Traveller letters: Singapore Changi the world's best airport? I don't think so


The world's best airport: for what or for whom? Despite your report on the world's best airport awards for 2020, there really is no such thing as a "world's best", and in my experience winner Singapore's Changi wouldn't get the title. Too big, too hard to negotiate, too awkward for people who "hub" at awkward hours, too much a shopping centre instead of being an airport. Out of that supposed top 10, the only one which I rate as memorably good is Hamad in Doha, Qatar.

Frank All (via Facebook)


We had lots of prepaid accommodation for travel in Poland, Italy and Greece in June/July 2020. The Xenia Volos Hotel in Greece claims: "Faced with the unprecedented turn of events, the Greek state, as well as other EU countries, recently passed a law that allows businesses in the travel industry to issue a voucher instead of extending an immediate refund. " I can't find any information on the legislation passed.

If we could source this information it may make it easier for those of us trying to get vouchers for future travel in Europe.

Lindy Wilson, St Huberts Island, NSW

Editor's note: There are more details in this article, but there are questions over whether the Greek law will breach EU rules.



My heart goes out to all those staff members being held on cruise ships. What a dreadful predicament to find yourselves in - due to no fault of your own. I will pray for you all - daily. God bless you all and give you courage & strength & keep you safe from virus.

Christine Bates (via Facebook)


In reference to Traveller's story on Hallstatt, Austria, being overrun by crowds, It's a case of countries wanting the tourist dollar regardless of the consequences. I went to Munich last year to see the much hyped Christmas markets and they were awful with thousands and thousands of tourists all hoping for the same experience shoulder to shoulder squeezing through the markets. A place is hyped and people want to go which soon makes that location like any other. A crowded, less than anticipated experience.

Barry Roughley (via Facebook)


A couple of weeks ago you published a letter regarding Premier Inns in the UK who had volunteered to refund even non-refundable room rates. I'm sad to say, my friend living in Cyprus has found the opposite with Best Western Airport Motel and Convention Centre at Tullamarine. In January he paid for a non-refundable night there, for a late-night arrival in April, but when Emirates cancelled all flights from Cyprus in mid-March his ticket to Australia became void. Notwithstanding that, Best Western refused to refund his payment "because the rate was non-refundable". They didn't even offer a voucher against a future stay. Pretty poor, Best Western.

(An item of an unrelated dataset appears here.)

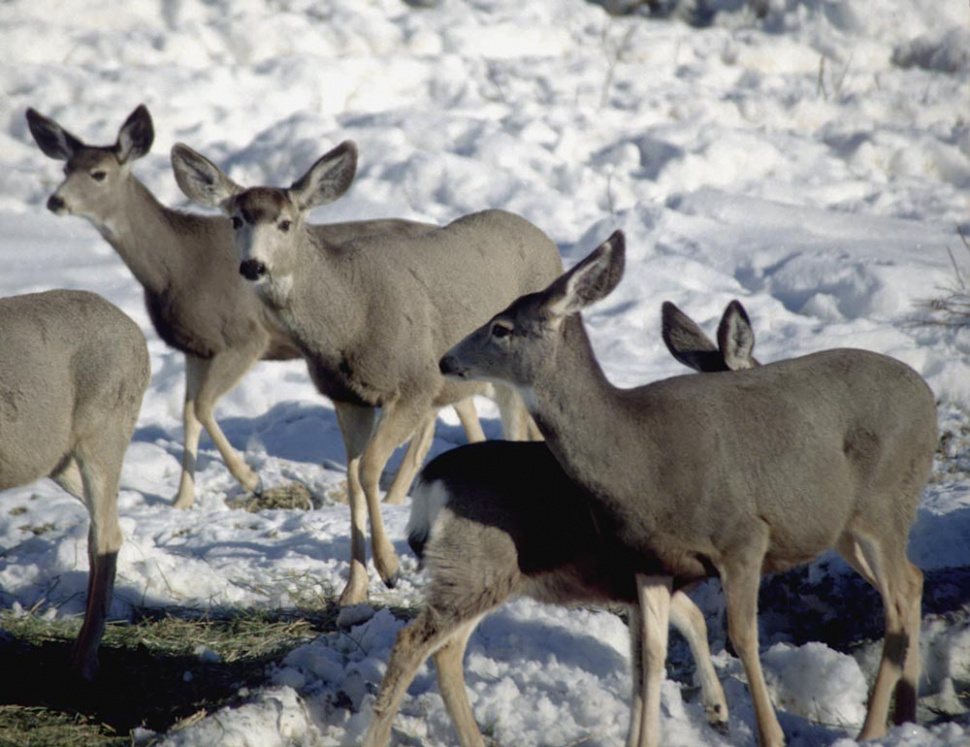 Feeding deer and elk in town does more harm than good Idaho Fish and Game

Tanya Tintner, Halifax, Canada


I wish people would stop blaming Flight Centre for not giving refunds on pre-booked air and sea travel. The company is a ticket reseller and must pass on monies to the carrier less an agreed commission. Every cancellation means lost income. The airlines and shipping lines won't pass on cash refunds either as they have infrastructure to support and need cash to do so. Virgin in voluntary administration isn't in a position to do anything. I'd like nothing better than to receive a cash refund on my $30,000 cancelled cruise, but have accepted a credit, well knowing I may never get to use it.

Sue Bennett, Sunbury, VIC


Flight Centre is not the only travel outfit here working hard to ensure that their customers cover their company's losses. These companies have had the use of customers' money for months and may refund only amounts after deducting their own losses through suppliers' cancellation fees. In reality they lose nothing on an individual customer's transaction. It is outrageous that the recompense offered to customers is often a credit for future travel less than the original amount paid. Again, the agency holds the customer's money even longer regardless of whether the customer wishes or is able to use this future credit. Even if this reduced credit was claimed at some future time, the customer would have to pay the price difference between "full fare" and credit voucher. Again, the customer loses. It seems to me that the essence of the contract is that trip, at that time, as was agreed by both parties. To suggest that one party, the travel agent, has the right to adjust their side to be "another trip at another time" is reprehensible and probably not lawful under consumer protection legislation.

Ian Mitchell, Rowville, VIC


Unlike Brian Siddles I am still waiting, 45 days now, for the money for four of my 100 per cent refundable bookings with to be transferred to  my account. I have followed this up with the bank,, the ACCC (who said it's not their jurisdiction), Fair Trading and now the AFCA. No one seems to want to assist or even care that my money is either being held by or the bank

Rebecca Phillips, Brisbane, QLD


On February 2, 2020 I paid Air New Zealand $11,021.05 for seven tickets travelling Melbourne - Los Angeles (via Auckland) on July 25 returning August 15. According to Air New Zealand, our flight to LA is still scheduled to run, despite Australia's borders being currently closed. When I requested a refund I was told that the standard cancellation fee of $500 per ticket would apply. So the airline wants $3500 to cancel our $11,000 family holiday - or a little over 30 per cent That's a spicy meatball.